Çok tekrar edilenin aksine sermaye evvel emirde “hukuk”un değil “hukuksuzluk”un güvencesini arar; yoksa anlı şanlı Türkiye ve işbirliği halindeki dünya alem sermayedarları, Osman Kavala’ya reva görülen ağır hukuksuzluk konusunda böyle bir mutlu sessizlik içinde olmazlardı. Kuruluşu süren yeni devletin sahipleri bunu iyi bilen bir heyetin üyeleri, herkese tekliflerini gayet açık biçimde ortaya koyuyorlar: Yargıtay Başsavcısının İYİ Parti ziyareti mesela, bu tekliflerden, demek ki pazarlıklardan biri sadece: genel seçimde yapacağını yaptın tebrik ederiz, şimdi yerel seçimde de yapacağını yaparsan yeni devletin imkanlarından gayet iyi yararlanan güzel bir parti olarak tanırız sizi. Elbette bu teklif ya da öbür görünümüyle “nezaket ziyareti” daima bir tür şantajla, yeni iş başındaki şiddetle de beraberdir: Bakın biz size geliyoruz, bugün nezaketen yarın ama “hukuken” de gelebiliriz. İYİ Parti HDP değil, Akşener Demirtaş değil, elbette başsavcının bu nezaketli davetine icabet edecek, yoksa gitmezdi zaten, pardon gönderilmezdi, hadi gönderildi kabul edilmezdi.

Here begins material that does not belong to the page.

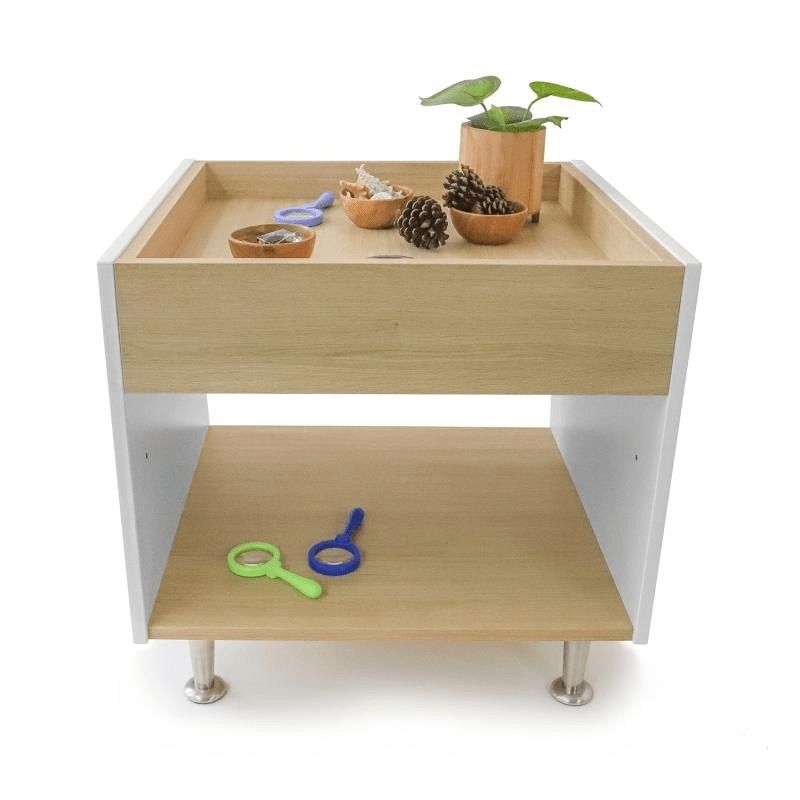 Whitney Brothers elevatED Toddler Discovery Table with toys on the surface, showing the raised perimeter lip that prevents objects falling off the edge of the toddler activity table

Hasılı kelam, bütün olan bitende yasasız, hukuksuz, ahlaksız görünen şey, eski dönemin yasasının, hukukunun ve ahlakının temelinde yer alan egemen çıkarına çıplak (kuralsız) şiddetten başkası değildir, şimdi kendisini yeniden oluşturma süreci içindedir. Yas tutmak, ağlanmak, söylenmek değil, yapmakta olduğunu yapmasını engelleyecek karşı gücü oluşturma çabasına girmek, bu çaba içinde olanlarla dayanışma yollarını bulmak gerekir. Bu yolun bulunacağı yer, bu şiddet temel hedef ve mağdurlarının olduğu yerdir: Sömürülen işçi, ezilen köylü, yok edilmek istenen Kürt, yok edildiği için sevinç duyulan Rum, Ermeni ve Yahudi, eşit sayılmayan Alevi, iş başındaki hukuksuz şiddetin zulmettiği tutsaklar… “Hukuk devleti” dua ile gelen bir şey değil, hukuksuzluğu karşı güçlerin mücadelesiyle tasfiye ve tesviye edilmiş şeydir, eğer mümkünse böyle bir şey.

Yerel seçim geliyor, bütün bu kararlar, ziyaretler, açıklamalar, yasaklamalar, tutuklamalar bir şey diyor: Bu seçimde yeni/inşaat halindeki devletle mi birliktesiniz, yeni devletin yok etmek, ezmek istedikleriyle mi birliktesiniz?